D'autre part, la Politique souligne l’importance des patrimoines archéologique et archivistique. L’archéologie devient une ressource pour la conception de projets. Bien qu’il reste beaucoup de travail à faire à ce niveau, plusieurs grands projets réalisés depuis 2005 témoignent de manière éloquente de la place faite à l’archéologie, dont les réaménagements de la place d’Armes et du square Dorchester-et-de-la-Place-du-Canada, de même que la mise en valeur du Champ-de-Mars. La reconnaissance du patrimoine archivistique de la Ville de Montréal est une autre conséquence de l’élargissement de la définition de patrimoine. Elle se traduit notamment par une diffusion accrue du service des archives, dont la mise en ligne de données libres et ouvertes.
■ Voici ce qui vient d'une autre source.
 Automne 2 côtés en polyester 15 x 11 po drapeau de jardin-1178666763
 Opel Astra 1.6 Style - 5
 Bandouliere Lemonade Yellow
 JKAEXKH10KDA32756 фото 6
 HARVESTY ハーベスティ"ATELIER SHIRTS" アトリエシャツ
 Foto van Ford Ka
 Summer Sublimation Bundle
Vers une révision de la Politique?

L’adoption en 2005 de la Politique du patrimoine constitue un jalon important dans la reconnaissance et la mise en valeur du patrimoine montréalais. Par ailleurs, depuis 2012, la Loi sur le patrimoine culturel accorde de nouveaux pouvoirs aux municipalités. Cela permet à la Ville de Montréal de citer des biens mobiliers (documents et objets) lui appartenant, des intérieurs d’immeubles, et d’identifier des personnages historiques décédés, des évènements, des lieux historiques ainsi que des éléments du patrimoine immatériel.

Ainsi, beaucoup de « bons coups » ont été réalisés en matière de protection et de mise en valeur du patrimoine à Montréal. Toutefois, dix ans plus tard, en regard du chemin parcouru, il serait utile de faire un bilan de la situation du patrimoine, puis de procéder à une révision afin de tenir compte des enjeux actuels et des nouveaux pouvoirs accordés par la loi. La réflexion pourrait également porter sur les mesures en place pour la protection des édifices patrimoniaux et sur le rôle des instances consultatives de la Ville, afin d’asseoir un processus de consultation qui puisse servir de manière plus systématique la protection du patrimoine montréalais.
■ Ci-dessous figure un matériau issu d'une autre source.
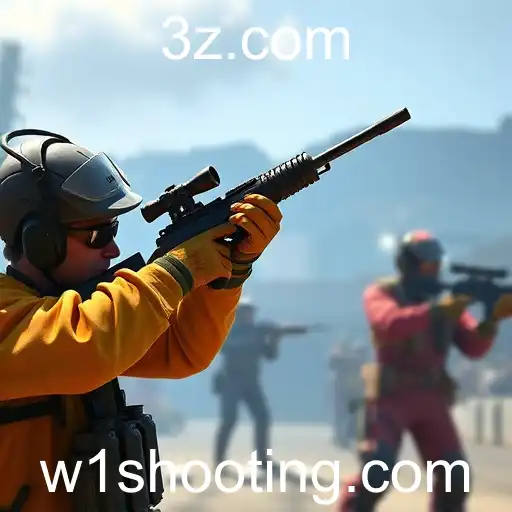 Intensidade e Estratégia nas Competições de W1 Shooting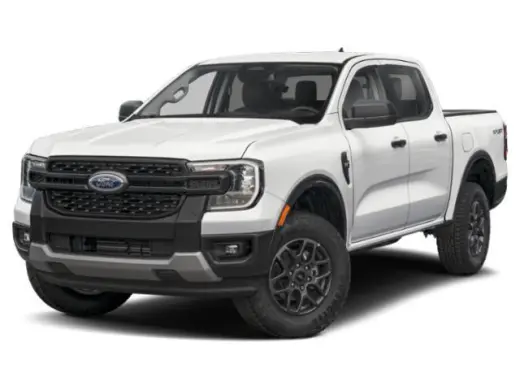 Ford Ranger 2025 4x2 XLT 4dr SuperCrew 5.0 ft. SB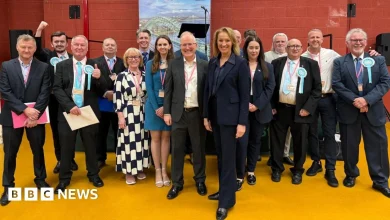 Reform makes huge gains in Liverpool City Region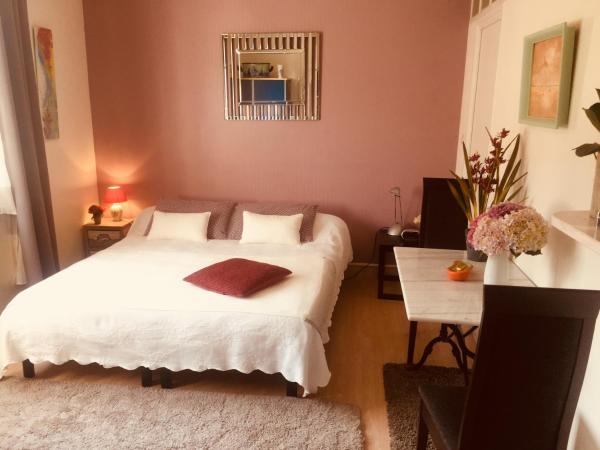 Studio des Rosaires, Брондау Пәтер Плерен Saint-Brieuc Bay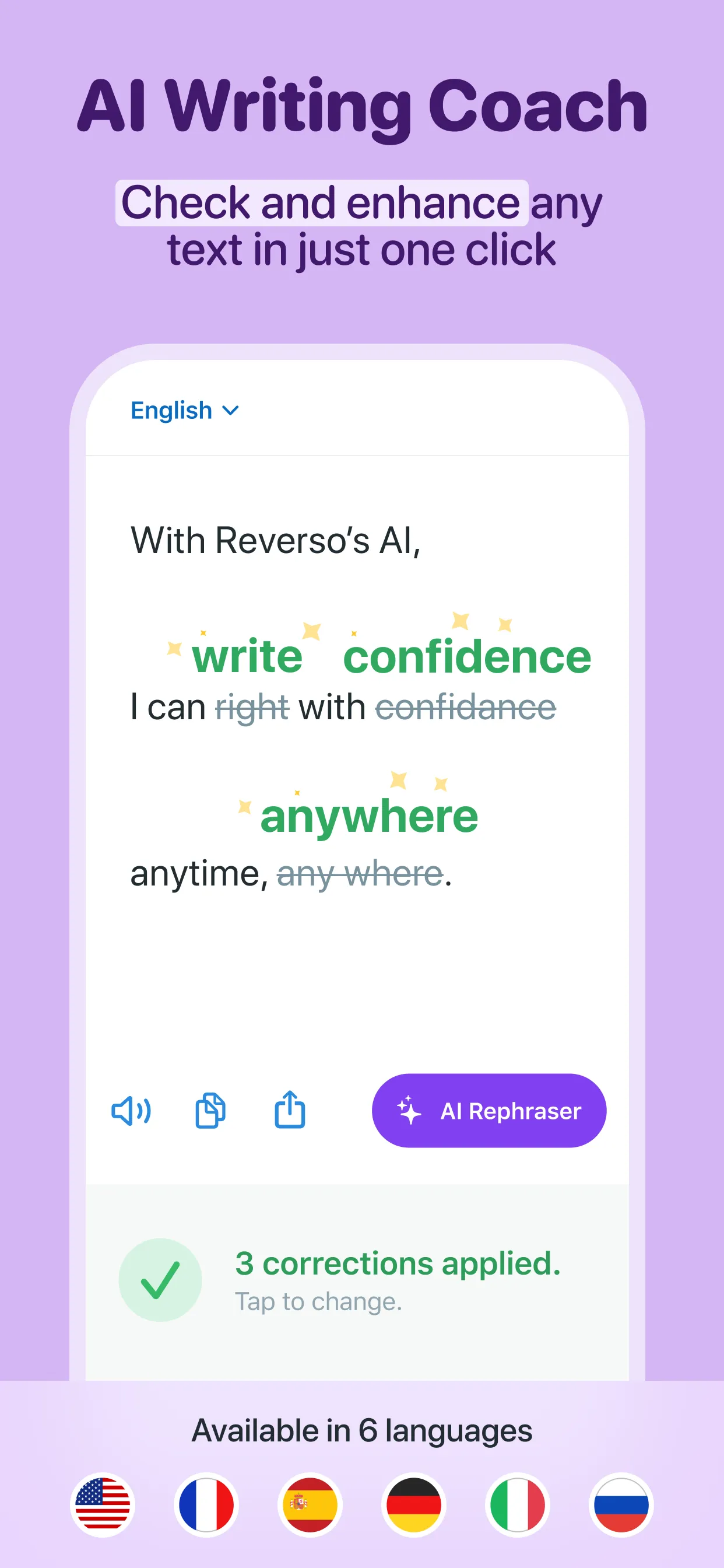 Reverso Translate and Learn | Indus Appstore | Screenshot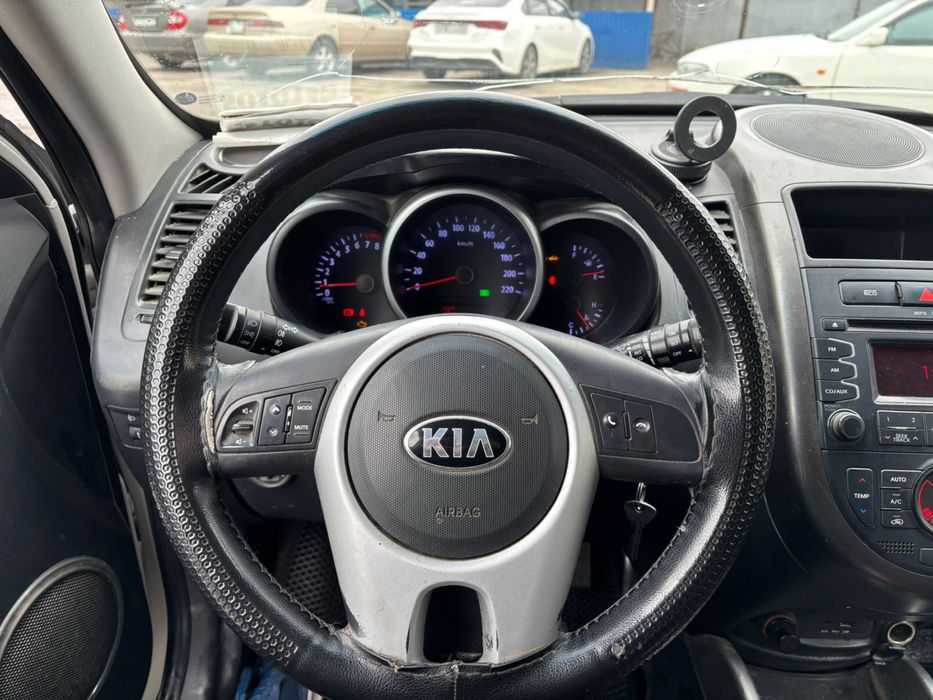 Kia soul, 2013 машина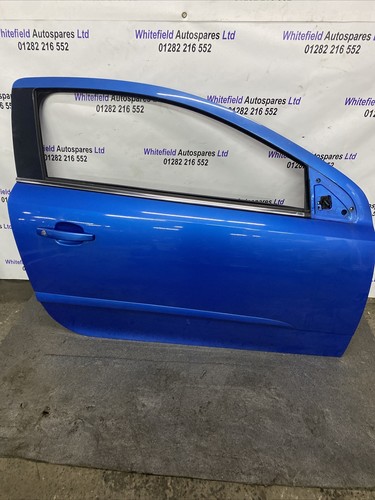Astra mk5 vxr door - mk5, o/s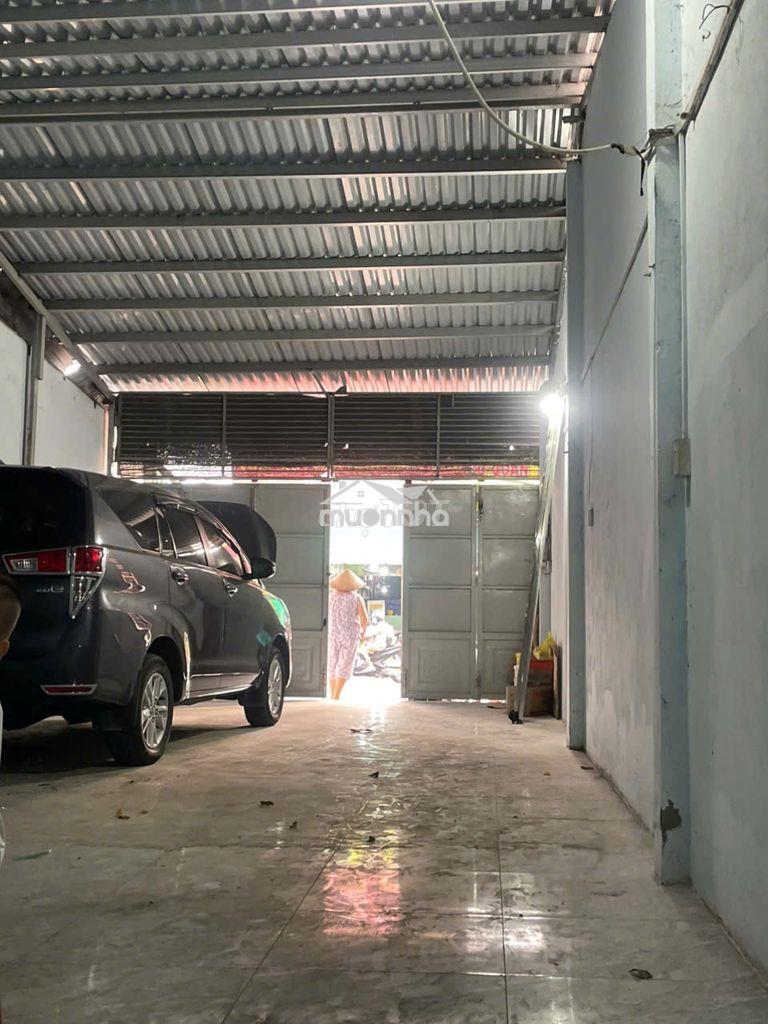 Cho thuê mb kho đt 743a, 180m2, giá 10tr/ tháng - Ảnh 2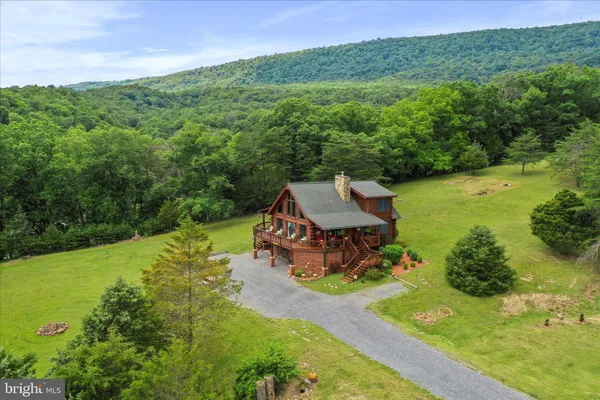 $425,000 | 141 Rose Patch Drive, Upper Tract, WV 26866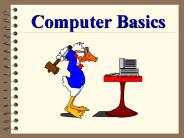 Computer Basics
Parallèlement, la révision de la Politique du patrimoine s’inscrit dans un contexte plus large de révision des outils de planification urbaine. Adopté en 2004, le Plan d’urbanisme est l’un des outils qui régissent l’encadrement des enjeux patrimoniaux à la Ville. Censé être revu prochainement, il devra correspondre au Schéma d’aménagement et de développement de l’agglomération de Montréal, qui établit les orientations pour les dix prochaines années en matière d’aménagement et de développement du territoire pour l'ensemble des municipalités de l'île de Montréal, en vigueur depuis peu. Le CPM et le Comité Jacques-Viger ont été amenés à coopérer à son élaboration en 2014 dans le cadre d'un Comité mixte. Le CPM souhaite maintenant participer au processus de révision du Plan d’urbanisme et de la Politique du patrimoine, comme cela a été le cas par le passé, afin d’apporter sa contribution aux réflexions sur la conservation et la mise en valeur du patrimoine montréalais.

Pour plus d'information

1 La notion de patrimoine de l’UNESCO a été bonifiée notamment par l’adoption de la Convention pour la sauvegarde du patrimoine culturel immatériel en 2003 (en vigueur en 2006), qui élargit la notion de patrimoine aux pratiques, représentations, expressions, connaissances et savoir-faire.
2 Pour une définition plus précise, consulter la Politique du patrimoine de Montréal, p. 33.
3 En vertu d’une modification à la loi en 1986.
4 Ces cas sont les suivants : les projets approuvés en vertu de l'article 89 de la Charte de la Ville de Montréal ou d’une modification du plan d’urbanisme qui concernent des territoires et immeubles disposant d'un statut patrimonial en vertu de la Loi sur le patrimoine culturel ; les projets de démolition (partielle ou complète) d'un immeuble cité ou situé dans un site patrimonial cité. Un énoncé est également requis dans le cadre d'une démarche de citation d'un immeuble patrimonial.
5 Un des territoires stratégiques identifiés par la Politique du patrimoine.
6 Parmi lesquels le parcours riverain, le Vieux-Montréal, le mont Royal, le canal de Lachine, le Havre de Montréal et les îles Notre-Dame et Sainte-Hélène.